* **What to produce**: Which lines run from the line with "Vánoční talíř Coalport 1981" to the end of the entries? Write out exactly those, leaving out the pictures.

* **Source data**:

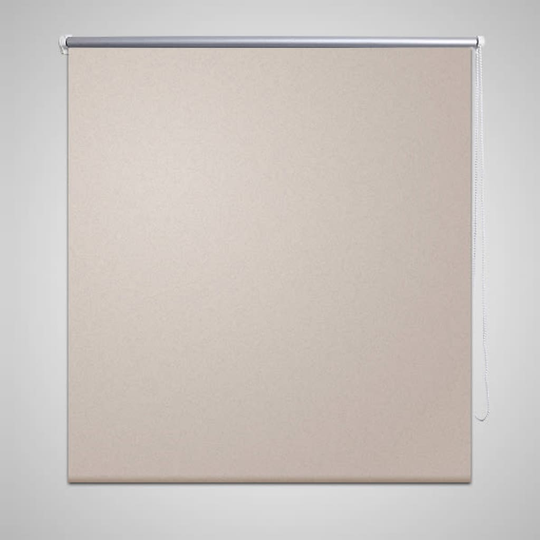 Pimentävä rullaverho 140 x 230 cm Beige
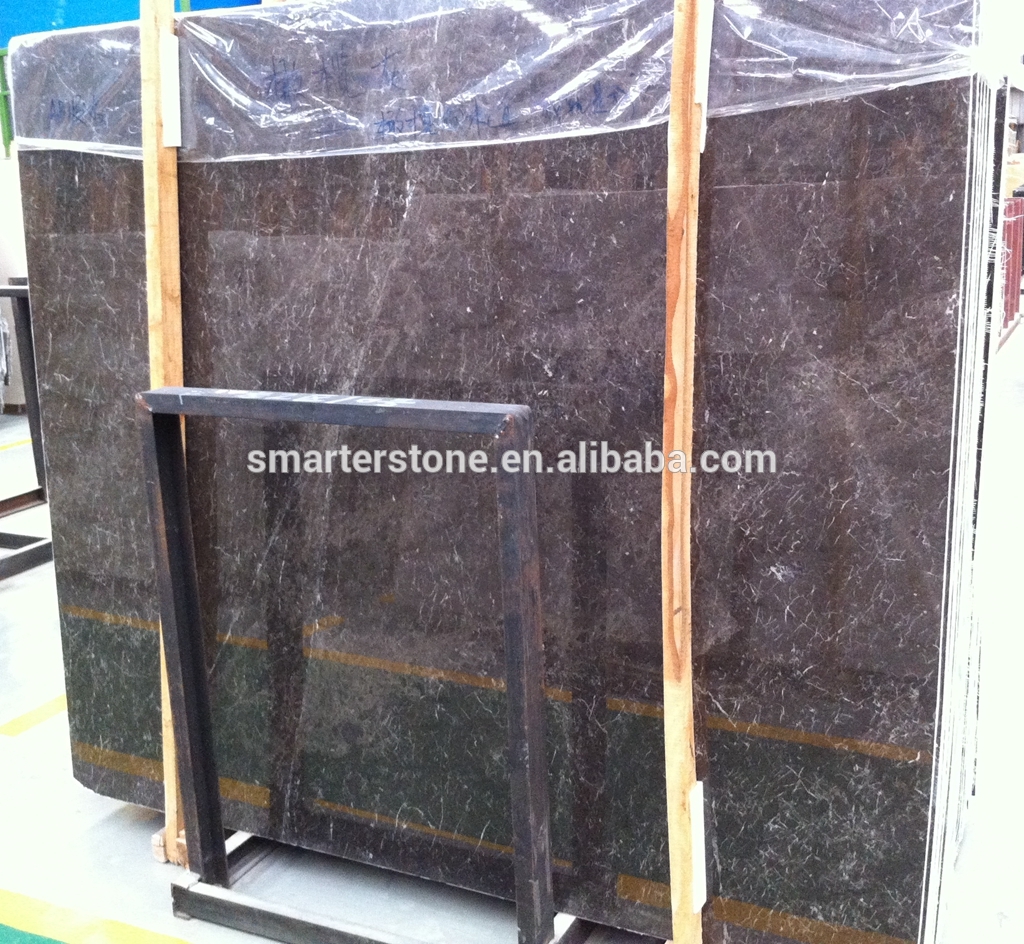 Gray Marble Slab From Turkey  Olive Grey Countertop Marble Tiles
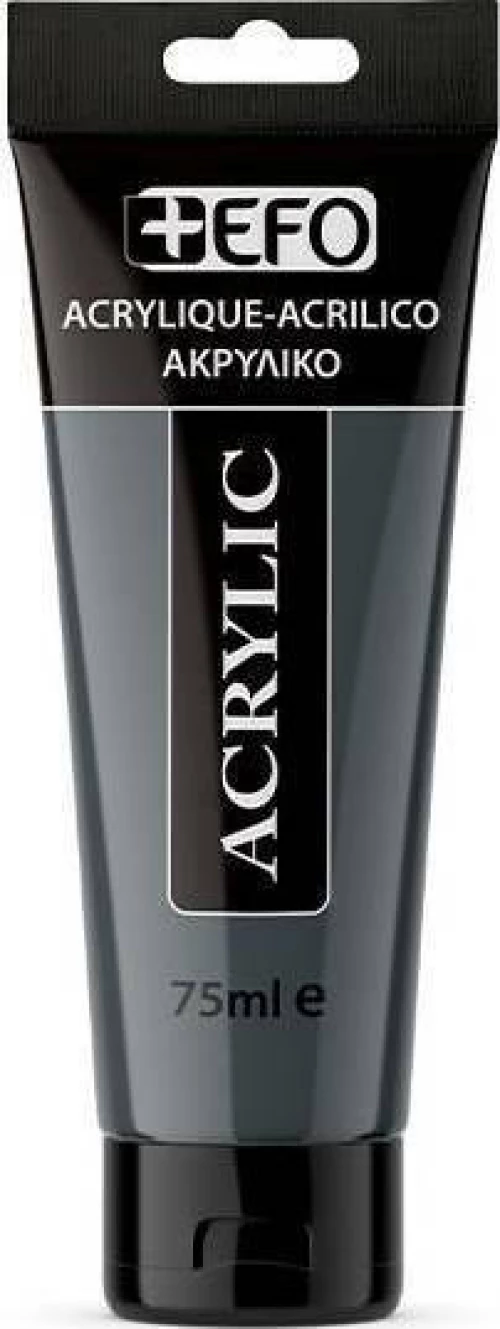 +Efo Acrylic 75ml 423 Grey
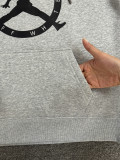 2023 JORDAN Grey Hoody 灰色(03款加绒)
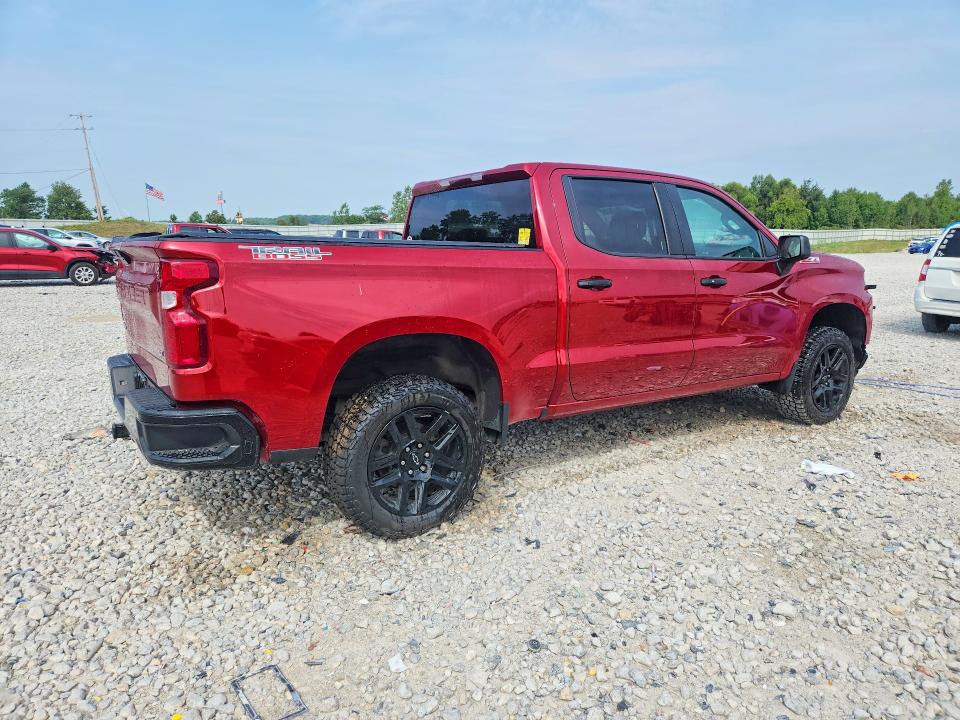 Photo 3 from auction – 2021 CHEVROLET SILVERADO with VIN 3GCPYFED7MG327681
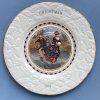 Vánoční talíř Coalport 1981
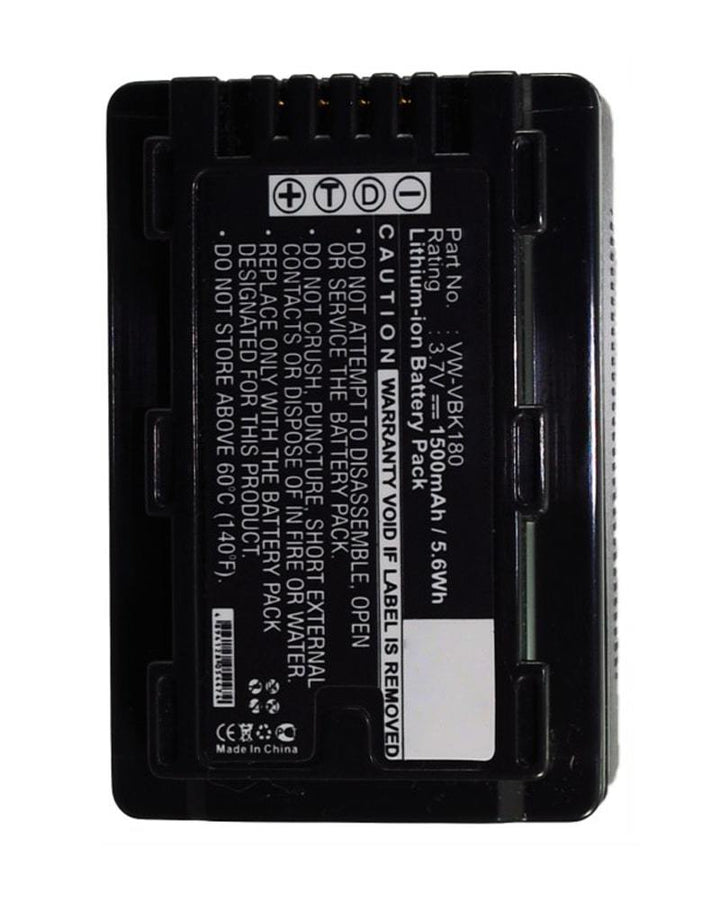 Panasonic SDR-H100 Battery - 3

* **Written solution**:
 Vánoční talíř Coalport 1981
 Panasonic SDR-H100 Battery - 3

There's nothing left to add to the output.